Once the group reached the Capitol, students from ASBSU and from the MLK Living Legacy gave speeches on the capitol steps that focused on this year’s theme: “beloved community.” 

“The one thing that I remember as a young man is that my father always told me that the needs always have to outweigh the wants,” Chair of the MLK Living Legacy Committee, Charles Jones said. “One thing I see in a community is that we always focus on the need.”

But for many marching, King’s legacy isn’t something to just be remembered, it is an ongoing fight to see his values achieved.

“We have to keep telling [his] story. It can’t be silent as evidence of the injustice we see in our country and across the world,” Mariah Mills, a pastor for Redeemer Lutheran Church said. 

The closing speaker, Ky Gathura, Associate Chair of MLK Living Legacy Committee, also focused on the ways America and the world at large fail to live up to his teachings.

“We live in a time where ignorance is no longer bliss … We live in a time where no matter where your head turns there is violence … We live in a time where we have gotten so scared to raise our hands that we allow ourselves to be indoctrinated with the false truth that is security and justice,” Gathura said in her speech.

While Gathura encouraged people to “get up and do something”, Gathura also criticized media coverage of multiple international issues, including the bombing of the Gaza strip and the genocide in the Congo.

“We are constantly silenced by the ever-growing and overwhelming treachery that is a false narrative. Western Media doesn’t show you what’s really going on. It never will,” Gathura said in her speech. 

In an interview with The Arbiter, Gathura elaborated that she believes western media “waters down” civil rights issues, and King’s legacy, to be more palatable for white people. 

“Due to American stereotypes, that’s all they see [Africans] as is just like, African people who are constantly living in a state of poverty, when that state of poverty was brought to by colonization, and colonization has never has never ended. It’s just evolved.”

According to Gathura, the media consistently leaves out the role colonization plays in ongoing conflicts, as well as more controversial beliefs King held, such as his criticisms of capitalism and the Vietnam War. 

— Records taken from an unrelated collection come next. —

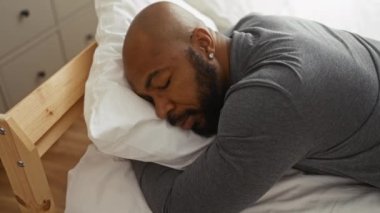 Genç adam bir yatak odasında kapalı bir yatakta uyuyor, gri bir gömlek giyiyor, huzurlu bir yüz ifadesi var.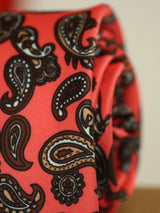 Pink paisley necktie in printed microfiber, tied view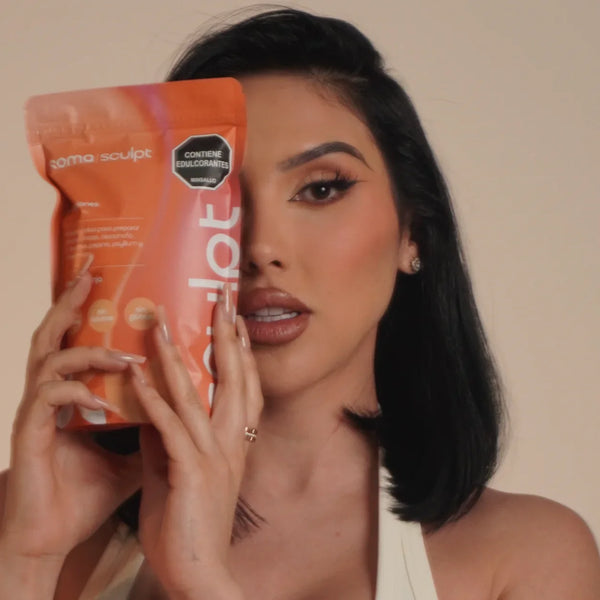 Mujer sosteniendo paquete naranja de SOMA Sculpt sabor naranja, bebida funcional con fibra para bienestar digestivo y saciedad en rutina diaria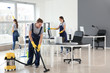 © Pixel-Shot - Team of janitors cleaning office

Gathura also believes the way King’s movement is taught leaves key civil rights activists out of the picture, such as Coretta Scott King, Jo Ann Robinson and Bayard Rustin

“MLK fought for all and he had incredible overlooked people on his team who were different genders and sexualities. He had a diverse team with them, even though it was primarily black, he still had a diversity with them,” Gathura said. “But that also requires us to and to stand together and to not let discrimination happen in our fight because it is ultimately discrimination that got us here in the first place.”

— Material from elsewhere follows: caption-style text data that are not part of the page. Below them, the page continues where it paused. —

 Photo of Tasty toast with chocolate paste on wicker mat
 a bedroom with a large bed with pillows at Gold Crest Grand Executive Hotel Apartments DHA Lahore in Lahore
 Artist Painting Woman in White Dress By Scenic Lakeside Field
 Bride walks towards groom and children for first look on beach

For Gathura, this meant that growing up she didn’t have many “black heroes” to look up to. 

“The education system in the US doesn’t really show a lot of black heroes, of course, outside of the very stereotypical like MLK, Rosa Parks [and] Harriet Tubman,” Gathura said. 

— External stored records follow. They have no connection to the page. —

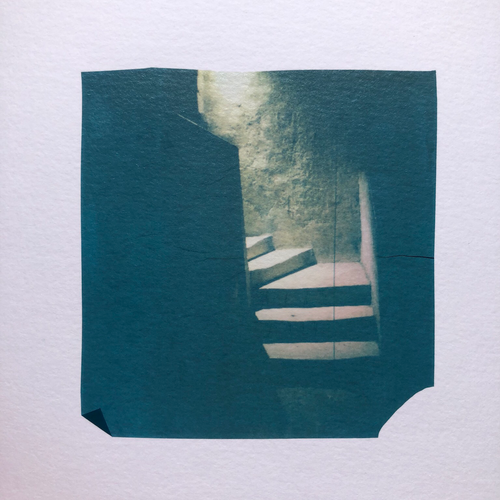 A stone staircase lit by a spotlight. Polaroid emulsion lift.
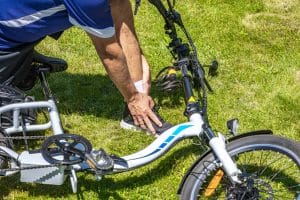 Cyclist with a broken leg and sprained ankle after an electric bike accident, the accident area is fenced with red and white tape, rescue operation after a cyclist's collision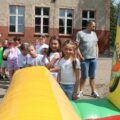 Na zdjęciu widać dzieci ustawione w kolejkę do dmuchanego zamku.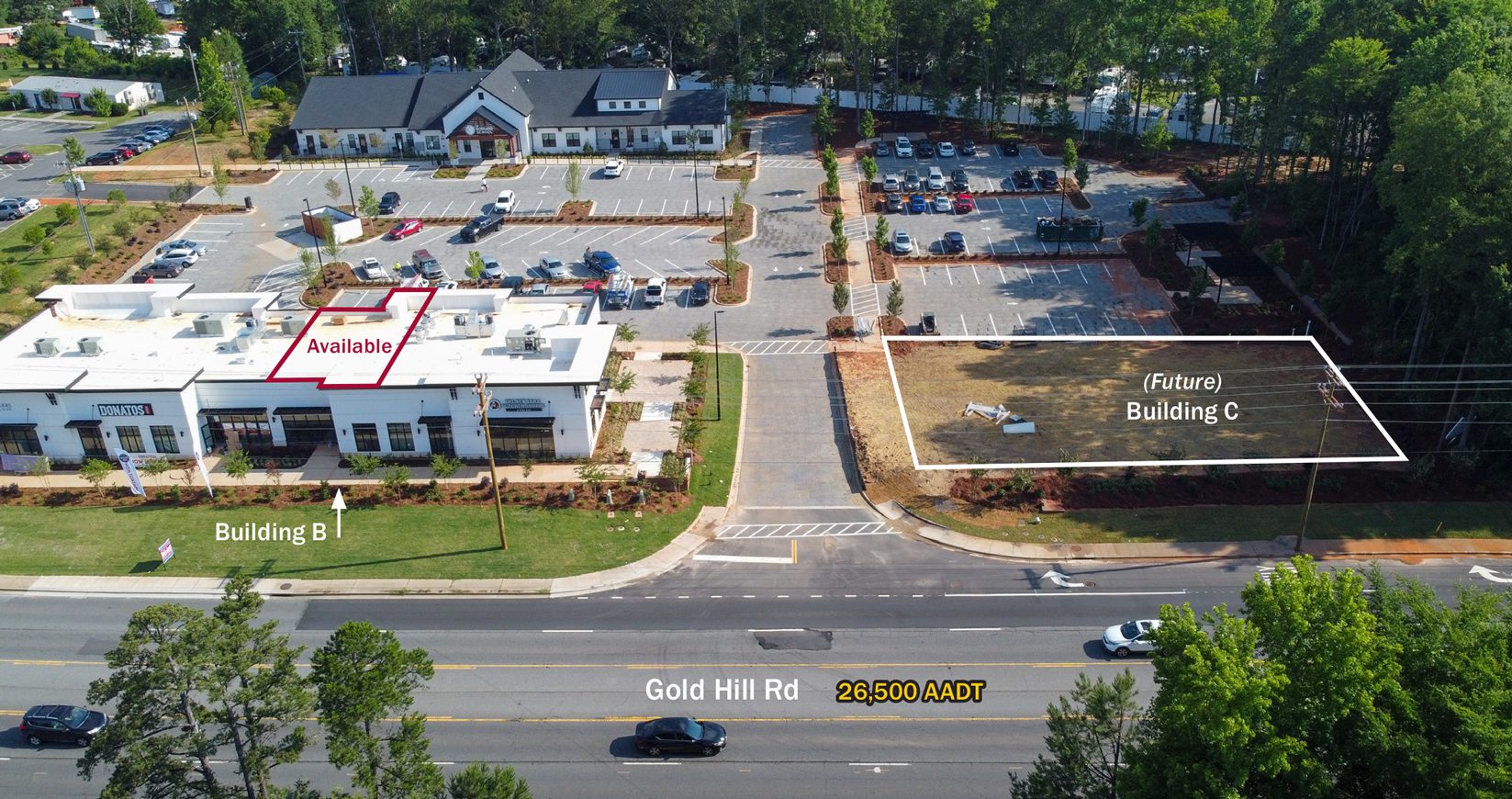 Aerial drone photograph of white commercial building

For her, the lack of seeing other black women speak at marches made her want to speak at the event. 

“I felt like it was a personal obligation to sort of  heal myself in a way, but also to just bring that voice to the steps because that’s not something that regularly [happens],” Gathura said.

For her, issues from police brutality to the microaggressions she faces show that America, and Idaho, have a long way to go to achieve King’s dream. 

“There’s just so many different ways of microaggression and racism to persist, [it’s] just a constant stream. I’ve been called an aggressive black so many times,” Gathura said. “We’re definitely still working for [his dream]. The Civil Rights Movement was primarily something that was in the 50s, 60s, early 70s, and the movement has never stopped. It’s just evolved. It is now 60 years later. That doesn’t mean that there’s a utopia in 60 years. And so we are constantly still striving just now under new conditions.”

Gathura encouraged local community members to get involved and have uncomfortable discussions to do their part to preserve King’s legacy. The MLK Living Legacy committee is also focusing on supporting other local activist organizations and starting “Bites and Big Talks” where community members can discuss assimilation, cultural identity and the meaning of community.